To our knowledge, we reported for the first time the role of prognostic factors in a large international cohort of patients with de novo mRCC in Latin America. The Latin American Renal Cancer Group is active in growing and enhancing its database, and the affiliated centers keep sending in new cases. Recently, data and biological materials from some of our centers' tissue banks were made available for collaborative projects with North American institutions, such as the National Cancer Institute.

Our study has several limitations inherent to its retrospective nature. Additionally, the absence of central pathology review limits our assessment of certain elements such as sarcomatoid histology and other nonclear cell subtypes. Treatment discrepancies among different centers might have led to variations in clinical presentation, surgical technique, and patient adherence to follow up. As our analyses were performed before the publication of the CARMENA and SURTIME trials, cytoreductive nephrectomies were the rule, which is not the case anymore. Finally, modern ICI therapies were not available at the time of this study, which may limit the applicability of our findings.

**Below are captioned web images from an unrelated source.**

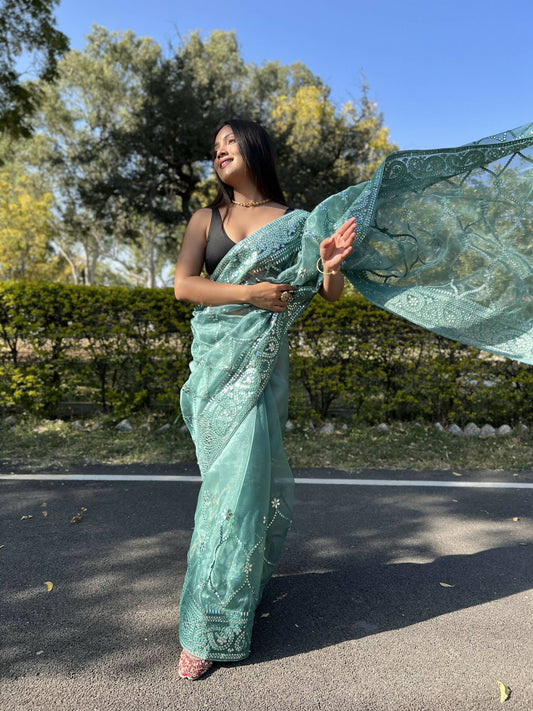 Vamsee Naina Green Organza Saree - Swadesiicart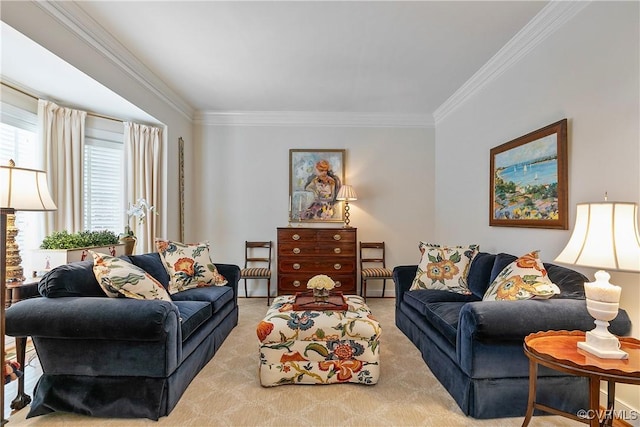 living area with carpet and crown molding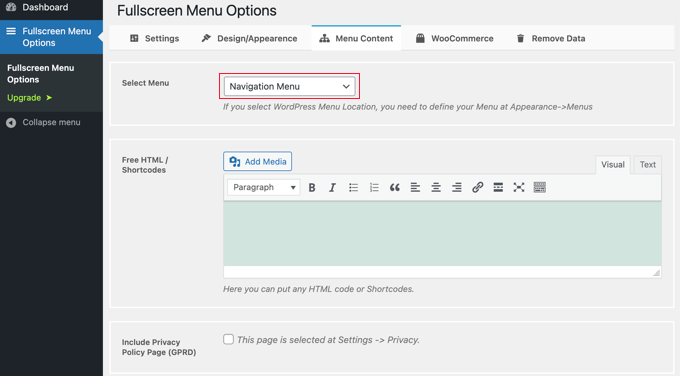 Conteúdo do Menu em Tela Cheia - Menu de Navegação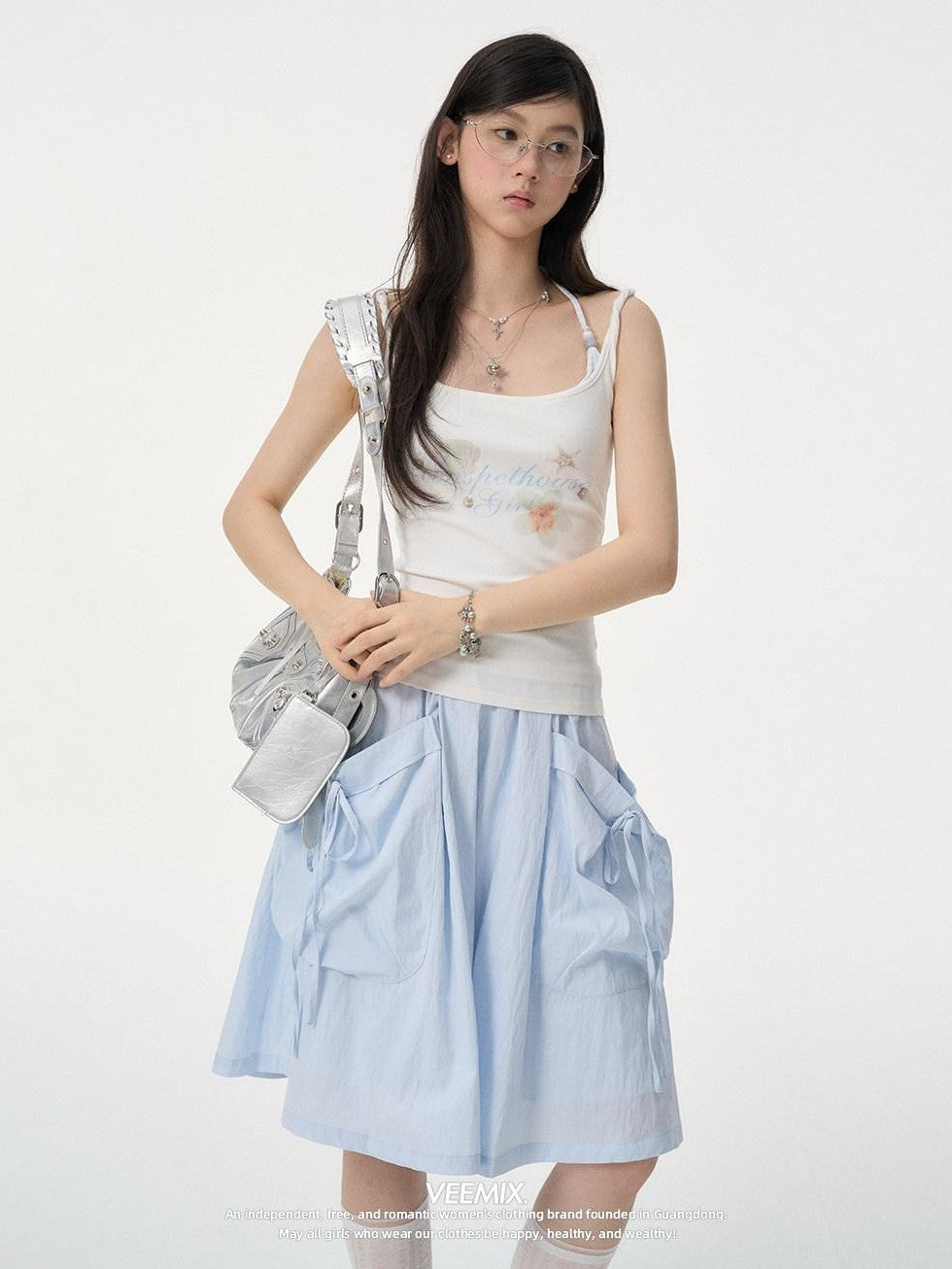 VEEMIX Light Gray Large Pocket A Line Tie Women's Cotton Nylon Midi Skirts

In conclusion, in mRCC, perirenal fat invasion and ≥ 2 metastatic sites predicted shorter OS and CSS; ASA 3-4 was an independent predictor of poor OS. Patients with nonvertebral BM had a better prognosis compared with those with LM. Systemic treatments were associated with better survival rates. External validation of these data could lead to a simple and straightforward prognostic tool for patients with de novo mRCC.